Vinicius Fagundes

Posted on Apr 22

DataFrames & SQL in Databricks: Reading, Writing, and Transforming Data

#databricks #ai #database #dataengineering

DataFrames & SQL in Databricks: Reading, Writing, and Transforming Data

This is where things get real.

So far we've set up our environment, understood clusters, learned how Spark works under the hood, and connected to cloud storage. Now we actually touch data.

In this article you'll learn how to read data in multiple formats, transform it using PySpark and SQL, and write results back to storage. These are the operations you'll use every single day as a data engineer.

What is a DataFrame in Spark?

A DataFrame is Spark's primary data structure — a distributed table with named columns and a defined schema.

If you've used Pandas, the concept is familiar. But there are critical differences:

	Pandas DataFrame	Spark DataFrame
Where data lives	Single machine RAM	Distributed across cluster
Data size limit	Your machine's RAM	Practically unlimited
Execution	Immediate	Lazy (runs on action)
API	`pandas`	`pyspark.sql`
Best for	< 1GB, local work	GBs to PBs, distributed work

In Databricks, every DataFrame is backed by Spark. When you call spark.read..., you get a Spark DataFrame — not a Pandas one.

💡 You can convert between them: pandas_df = spark_df.toPandas() — but be careful. This pulls all data to the driver node. Only do this on small datasets.

Reading Data

Reading CSV

# Basic read
df = spark.read.csv("/mnt/raw/sales.csv", header=True, inferSchema=True)

# Better: explicit schema (faster, safer)
from pyspark.sql.types import StructType, StructField, StringType, IntegerType, DoubleType, DateType

schema = StructType([
    StructField("order_id",    IntegerType(), True),
    StructField("customer_id", IntegerType(), True),
    StructField("product",     StringType(),  True),
    StructField("amount",      DoubleType(),  True),
    StructField("order_date",  DateType(),    True),
    StructField("region",      StringType(),  True)
])

df = spark.read.csv("/mnt/raw/sales.csv", schema=schema, header=True)
df.printSchema()
df.show(5)

Reading JSON

df = spark.read.json("/mnt/raw/events/")

# For nested JSON, Spark auto-infers the structure
df.printSchema()

# Access nested fields using dot notation
df.select("user.id", "user.email", "event_type").show()

Reading Parquet

# Parquet preserves schema — no need to define it
df = spark.read.parquet("/mnt/processed/transactions/")

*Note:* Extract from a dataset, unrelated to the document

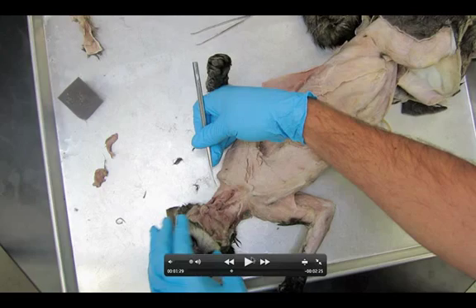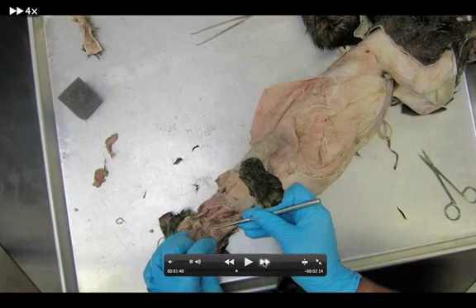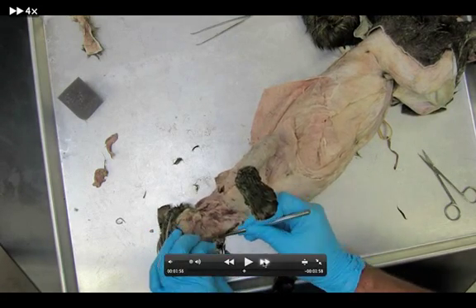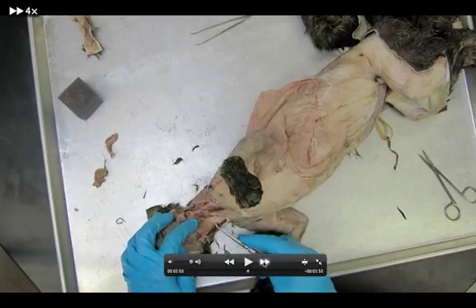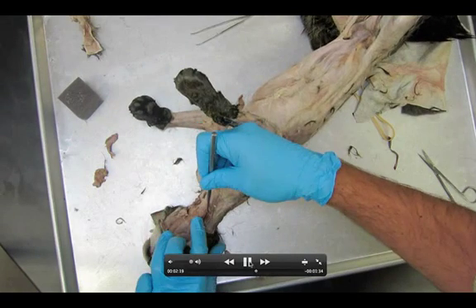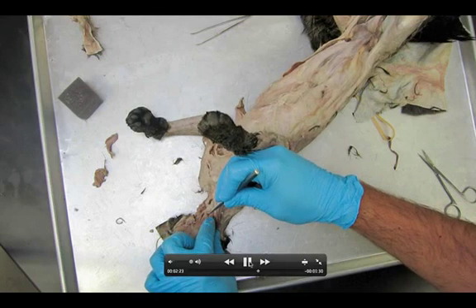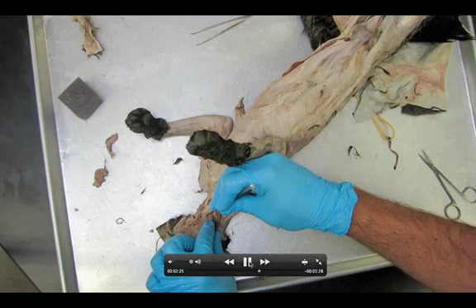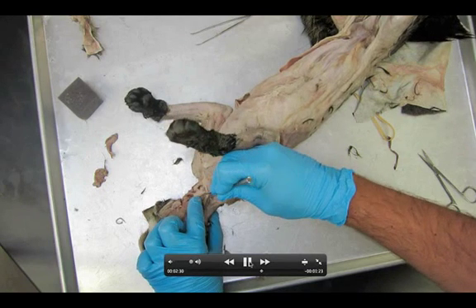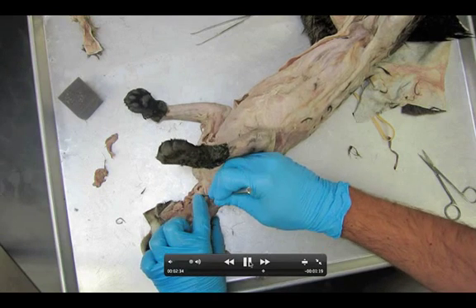Let's finish up this dissection. On the one side, wherever they drained the fluid from your kitty cat, you'll be able to see the trachea. I'm right there, underneath the sternohyoid, getting my probe under it. I'm just lifting them up, and then you're actually going to be able to see — you should be able to see the trachea, and behind the trachea is the esophagus.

# Read a partitioned dataset — Spark reads only relevant partitions
df = spark.read.parquet("/mnt/processed/sales/") \
    .filter("year = 2024 AND month = 1")

Reading Delta Tables

# By path
df = spark.read.format("delta").load("/mnt/processed/sales/")

# By table name (if registered in the catalog)
df = spark.read.table("sales_silver")

Common DataFrame Transformations

select — Choose Columns

# Select specific columns
df.select("order_id", "product", "amount").show()

# Rename on the fly
from pyspark.sql.functions import col

df.select(
    col("order_id").alias("id"),
    col("amount").alias("revenue"),
    col("order_date").alias("date")
).show()

filter / where — Filter Rows

# Filter with column expression
df.filter(col("amount") > 1000).show()

# Filter with SQL string (often cleaner)
df.filter("amount > 1000 AND region = 'North'").show()

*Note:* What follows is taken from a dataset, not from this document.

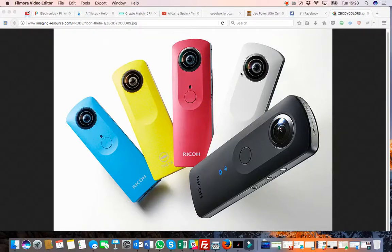Hi guys, I just want to talk about the Ricoh Theta S and the bug in the firmware. I basically posted mine back yesterday because it developed a fault. I haven't updated the firmware because I haven't used it that much.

# .where() is an alias for .filter()
df.where("region = 'South'").show()

# Multiple conditions
df.filter((col("amount") > 500) & (col("region").isin(["North", "South"]))).show()

withColumn — Add or Modify Columns

from pyspark.sql.functions import col, upper, round, when, lit

# Add a new column
df = df.withColumn("amount_eur", col("amount") * 0.92)

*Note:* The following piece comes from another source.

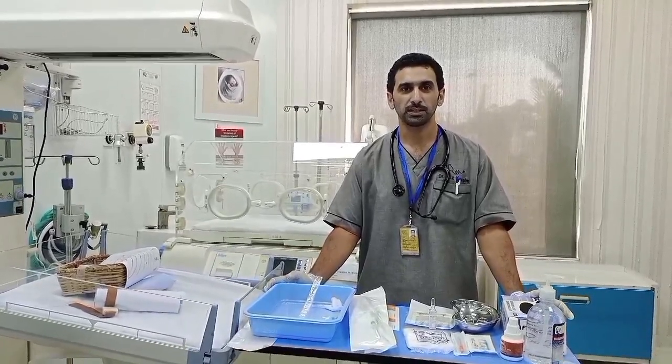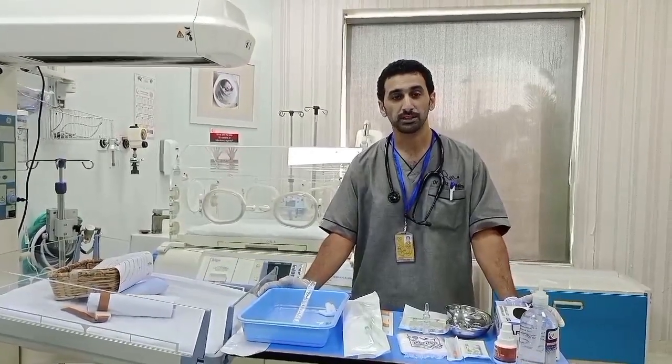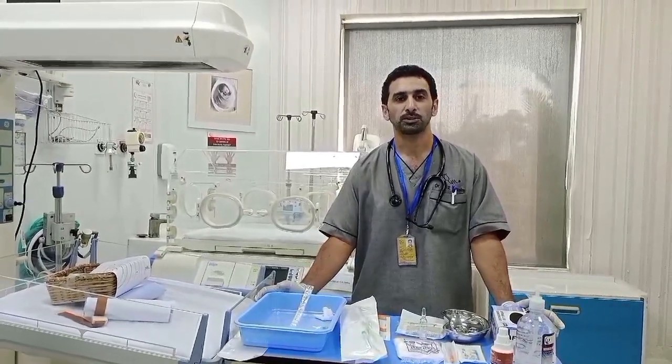I'm Dr. Faiz Assam, consultant pediatrician, and I'll be demonstrating how to insert the new generation chest tubes to drain the chest of air or effusions.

# Modify an existing column
df = df.withColumn("product", upper(col("product")))

# Round a numeric column
df = df.withColumn("amount", round(col("amount"), 2))

# Conditional column (like IF/CASE)
df = df.withColumn("tier",
    when(col("amount") >= 5000, "Premium")
    .when(col("amount") >= 1000, "Standard")
    .otherwise("Basic")
)

# Add a constant column
df = df.withColumn("currency", lit("USD"))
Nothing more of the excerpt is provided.